As many of us know, Tensorboard is the leading tool for visualizing deep neural networks. It provides everything from graphing losses and histograms of weight values to 3D embedding maps of images, or words. Additionally, some Tensorflow users are familiar with the Tensorflow debugger, tfdbg.

Why Do We Need A Debugger

The first question to ask is why does Tensorflow need its own debugger at all?

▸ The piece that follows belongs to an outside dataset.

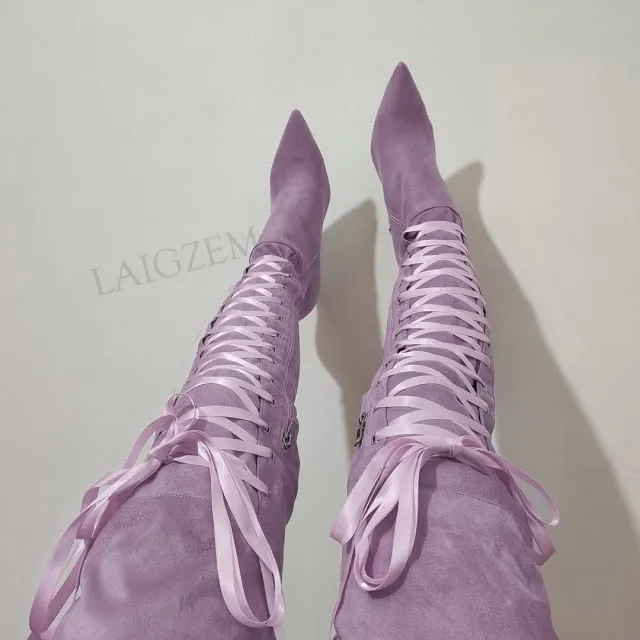 Thigh High Boots Faux Suede Stiletto 3 inch Heels 11  Adidas Hu Shoes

For those of us less familiar with Tensorflow, you may have noticed a general code flow when building models in Tensorflow. First we define some computation as a series of nodes using declarations like tf.layers.conv1d(...), then we pass data into those computations using a session op = tf.Session().run([training_operation], feed_dict={x: 123}) (we’ll use a feed_dict here, but please read our post on Data Ingestion to find out about other options). So what is the output of this intermediary 1d convolution we’ve defined? In order to actually view the output we have to add the operation to our session run like this op, conv = tf.Session().run([training_operation, conv], feed_dict={x: 123}). What if we had a 100 layers and wanted to see the output at various layers? It gets immediately obvious that this solution does not scale.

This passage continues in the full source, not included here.